Ele poderia justificar o pedido de desculpas pela situação em que havia se encontrado. O analista, por sua vez, poderia ter reagido ao pedido com a famosa fórmula “imagina” ou “não tem que se desculpar”. O fato, porém, é que a desculpa foi dada e ela possivelmente tem relação com a vida psíquica do analisante. Ou seja, em outros termos, a desculpa está inscrita na sua história.
Vale notar a etimologia da palavra “desculpa”. Esta tem um prefixo, des-, que pode significar afastamento ou negação. No seu pedido de desculpa pode ser um apelo para se afastar de alguma coisa. Esse algo de que ele quer se afastar pode ser algum delito ou erro que acredita ter praticado.
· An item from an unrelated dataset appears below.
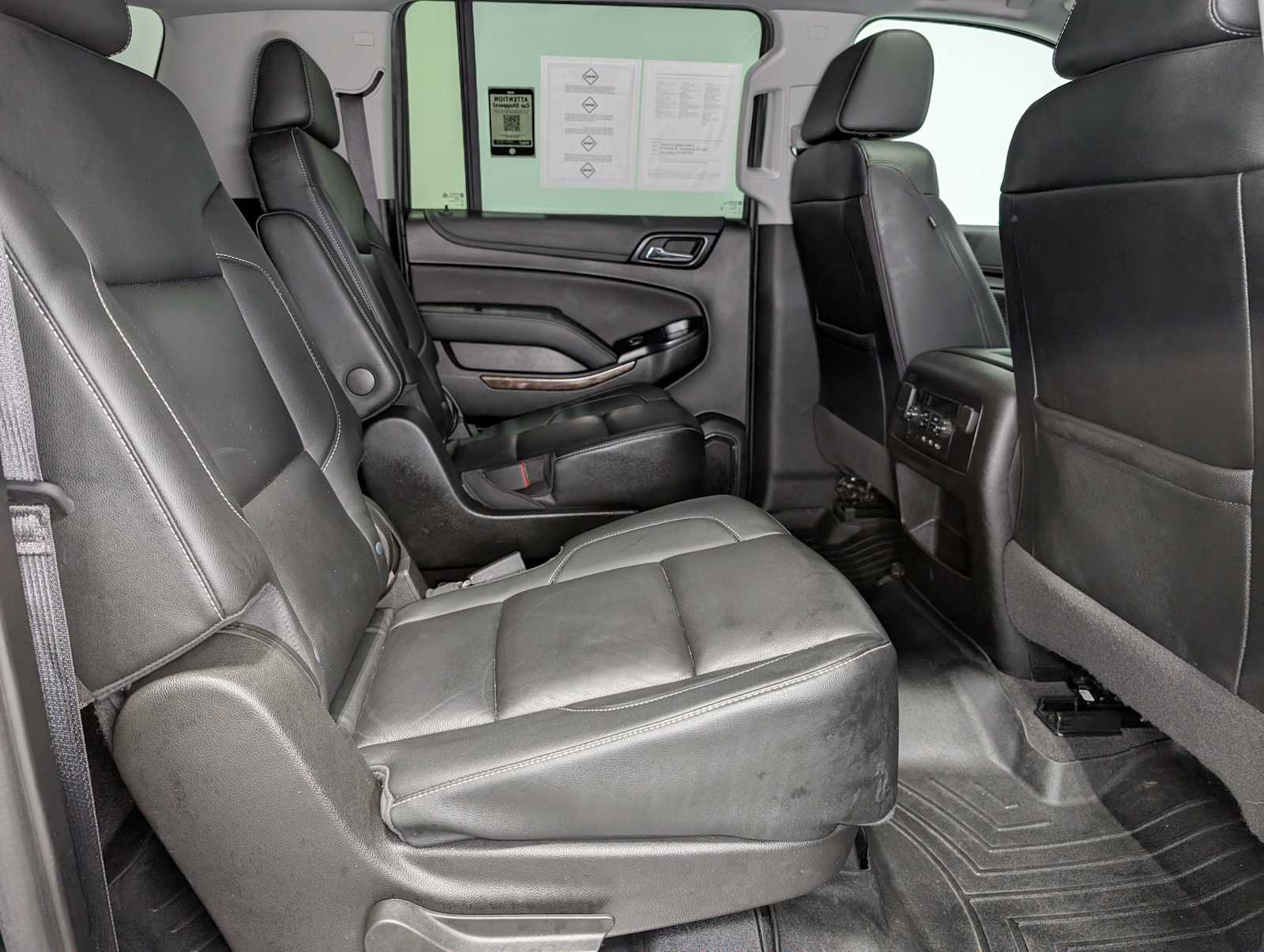 Used 2020 Chevrolet Suburban LT image 44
Qual seria a coisa errada que ele realizara? A esta pergunta ele poderia evidentemente responder: “Eu deveria estar mais forte diante de você [o analista]”. Vamos supor que tenha sido essa a resposta. Por que ele deveria estar mais forte diante do analista?
O que o analisante projetou inconscientemente no analista? Acredito que tenha sido a figura materna. A mãe do analisante sempre demonstrou ser forte para cuidar, sozinha, dele e de seus irmãos. O analisante, nos seus momentos de fraqueza ou de desafios, ainda necessita da ajuda de alguém que lhe represente o papel da mãe toda poderosa que acredita ter tido perto dele.
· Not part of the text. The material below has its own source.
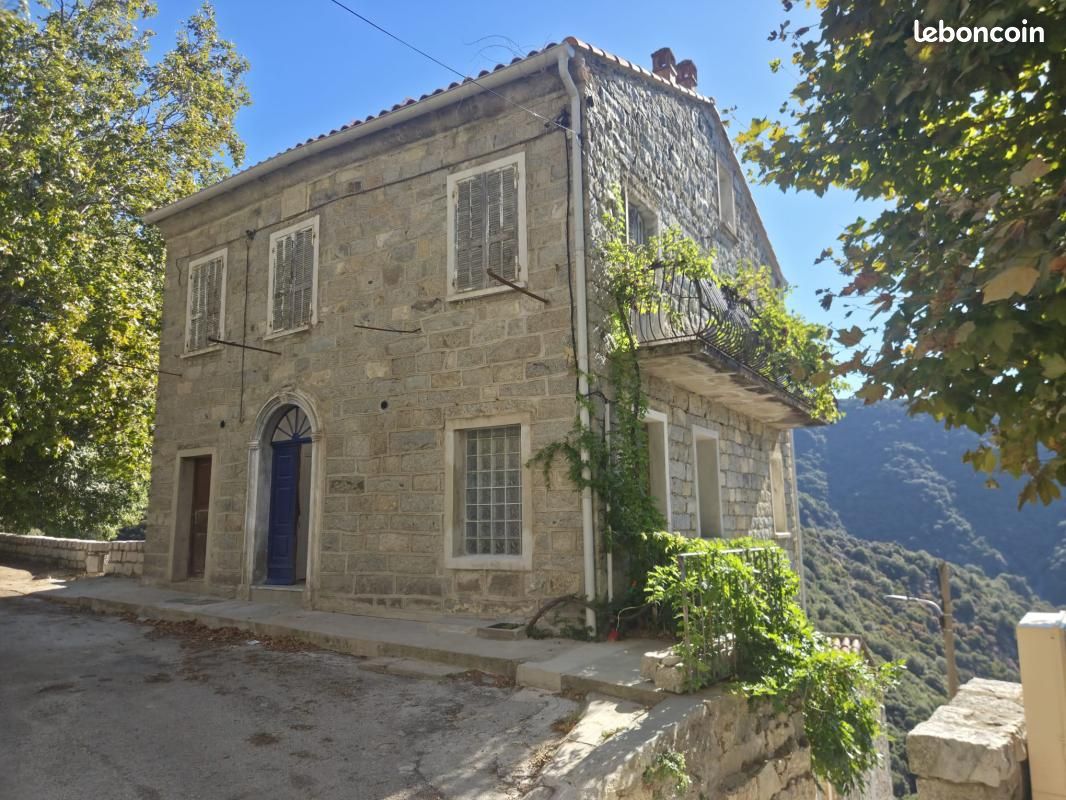 Maison 6 pièces 164 m² · à Cargiaca · 164 m² · 260 000 €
O pedido de desculpa é um pedido de reparação. Como uma criança que escreve suas primeiras palavras no papel e procura apagar com o próprio lápis a letra errada, culpando-se por ter feito algo que não deveria ter feito. No entanto, aquela letra continua ali, no seu papel, agora de adulto, sem a mãe de quem recorria quando era criança.